Deer. Raccoons. Squirrels. Fox. Geese. These are among nature’s critters that like to visit our property, either on the outskirts, in the fields, or right on our yard. However, among the most unwelcome guest is the very identifiable black-and-white visitor the skunk.
We have had our visits of skunk. In fact, a couple of years ago, there was a skunk hiding behind our freezer in our garage. When I discovered it, I was able to contain a yell with the commonsense knowledge that I did not want to scare it, for fear of the retaliation the spray.
When I called for help to try and get our furry guest to leave, the exit plan included softballs and, of course, a garage that stunk, of course, like skunk.
We emptied the entire garage of its contents and scrubbed the floor and its contents down with different concoctions, including a mixture of baking soda, liquid soap, and hydrogen peroxide. I believe we then doused the area with white vinegar, and then bleach. Tomato juice is supposed to be another remedy for skunk spray.
Just last week, my twin brother was picking raspberries in his berry bushes that are near the river and low-and-behold the black-and-white critter was among the bushes, probably enjoying the leftover berries that fell to the ground. Needless to say, his large dogs tried to flush the skunk, but they got flushed instead. My brother and his dogs quickly took a dive into the nearby pond.
That’s not the last of the skunk stories, as my neighbor called last night with a warning, “There’s a skunk in my front yard.
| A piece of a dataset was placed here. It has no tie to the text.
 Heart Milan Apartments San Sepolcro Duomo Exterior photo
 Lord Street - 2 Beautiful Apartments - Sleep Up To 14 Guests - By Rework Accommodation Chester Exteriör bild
Make sure you close your shed and garage doors.”
Now, skunks are attracted to plants that grow berries, as well as open trash containers. To help avoid a skunk visit, clear open trash containers and plants that have berries, and keep the area well lit.
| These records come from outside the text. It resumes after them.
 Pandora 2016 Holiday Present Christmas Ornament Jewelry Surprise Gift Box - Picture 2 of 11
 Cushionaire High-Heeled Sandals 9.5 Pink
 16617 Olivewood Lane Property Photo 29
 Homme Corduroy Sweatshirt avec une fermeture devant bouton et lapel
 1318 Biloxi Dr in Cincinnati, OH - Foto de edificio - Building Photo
Now if you find or see a baby skunk (called a kit) however adorable it may look, avoid trying to get its attention, as baby skunks can spray early on.
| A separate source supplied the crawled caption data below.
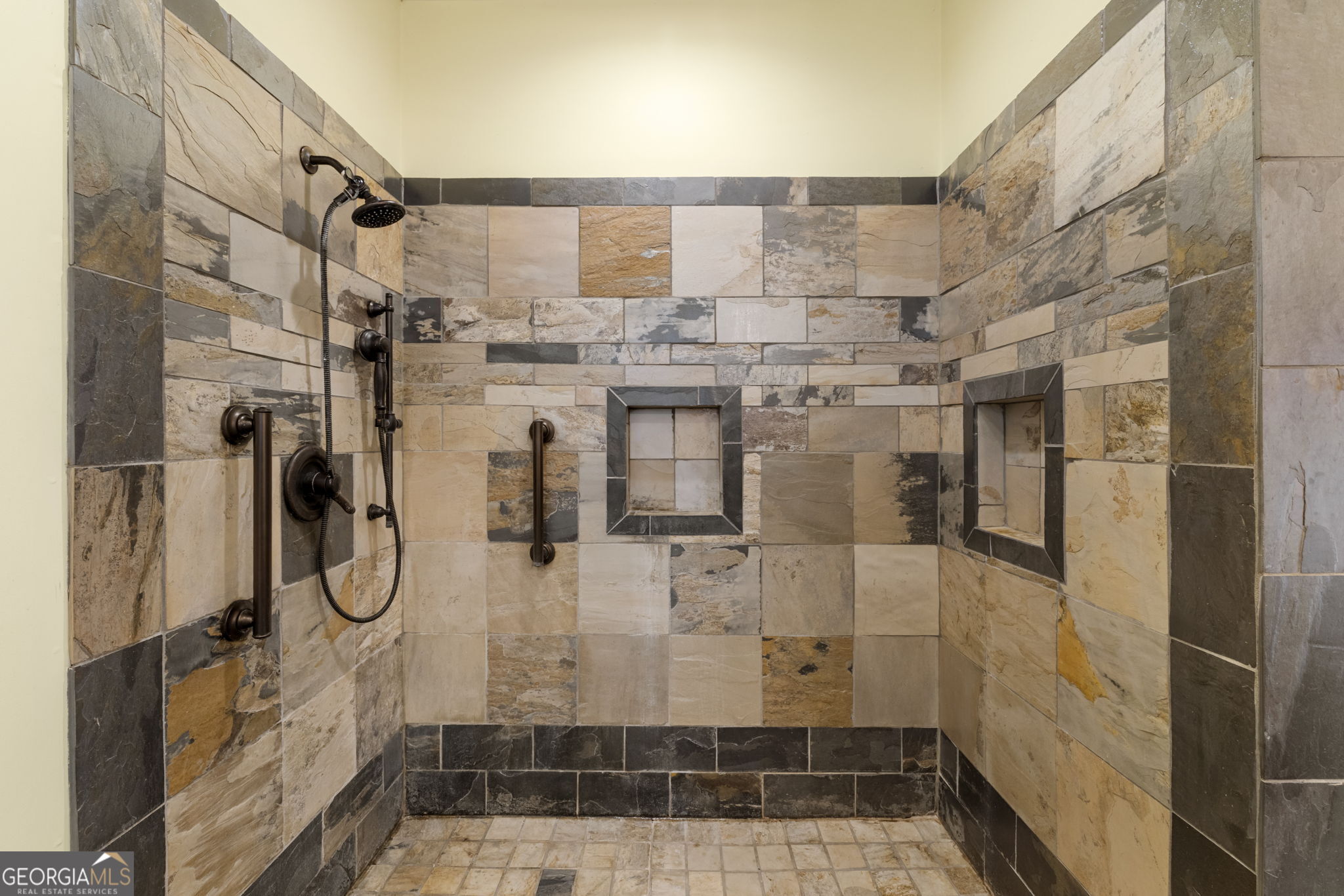 Clarkesville, Georgia, 30523, United States, 3 Bedrooms Bedrooms, ,4 BathroomsBathrooms,Residential,Active,2007020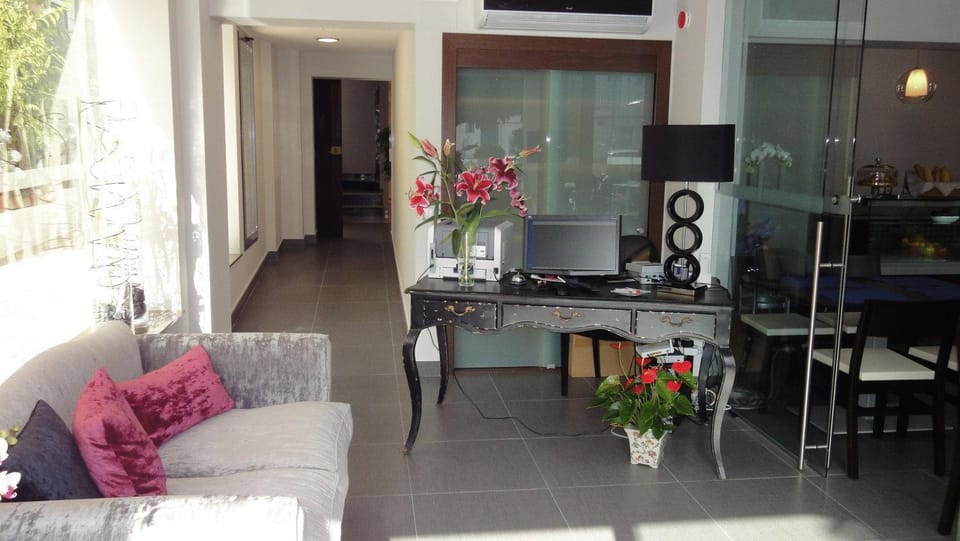 Day, Lobby or reception, Seating area, Dining area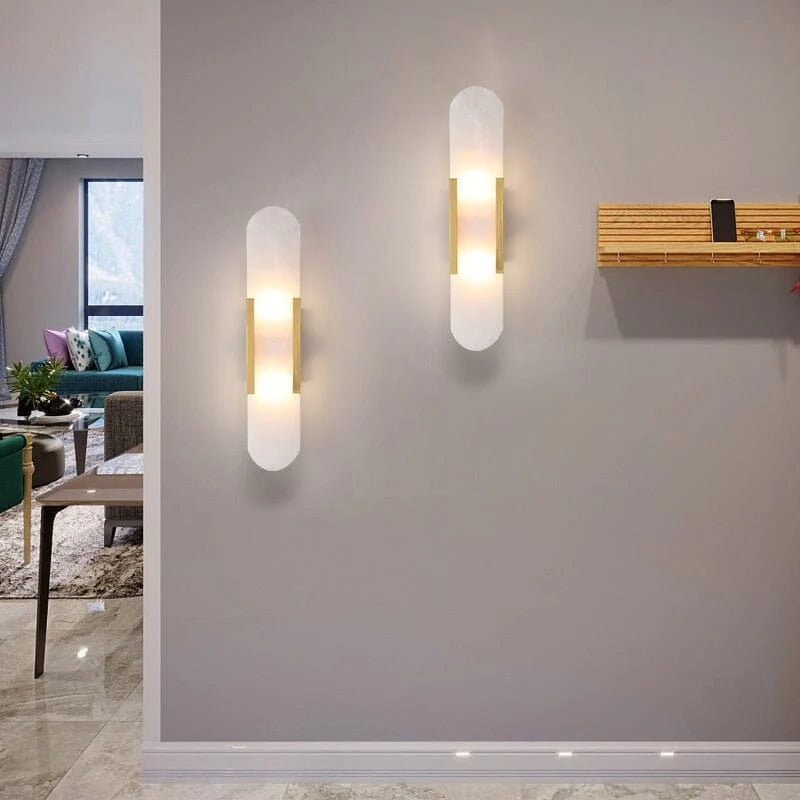 Aplica LED Neagră și Aurie – Eleganță Modernă și Design Chic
Now, one may ask, “How do skunks eliminate such an odor?” My daughter asked this question. As fitting, skunks spray from a gland located around its rectum, and that spray can shoot up to 15 feet. Skunks don’t take much of a break either. They do not hibernate. They take longer naps in dens, but no hibernation.
This may be more than one wanted to know about skunks, but since we have had different visits from the skunk, it provided an opportunity for my children and me to learn more about it.
These are some other facts that we learned about skunks that my children thought fascinating: Mama skunks usually have a litter four to five kits per litter, and remember these kits can spray. Skunks live about two to four years in the wild, but if kept domestically (I am not sure who does this, but. . . .), they will live much longer, about 10 years. I did not want my youngest to know this fact, as she wants to be a vet when she gets older, and most likely would ask if she could have a skunk for a pet.
There you have it. All the skunk information that you need in case the critter “comes a knockin’ at your door,” or better yet, you are now equipped with knowledge of how to deter the visit in the first place.
The skunk has also provided my family with lots of stories to share, with it at the center of the plot.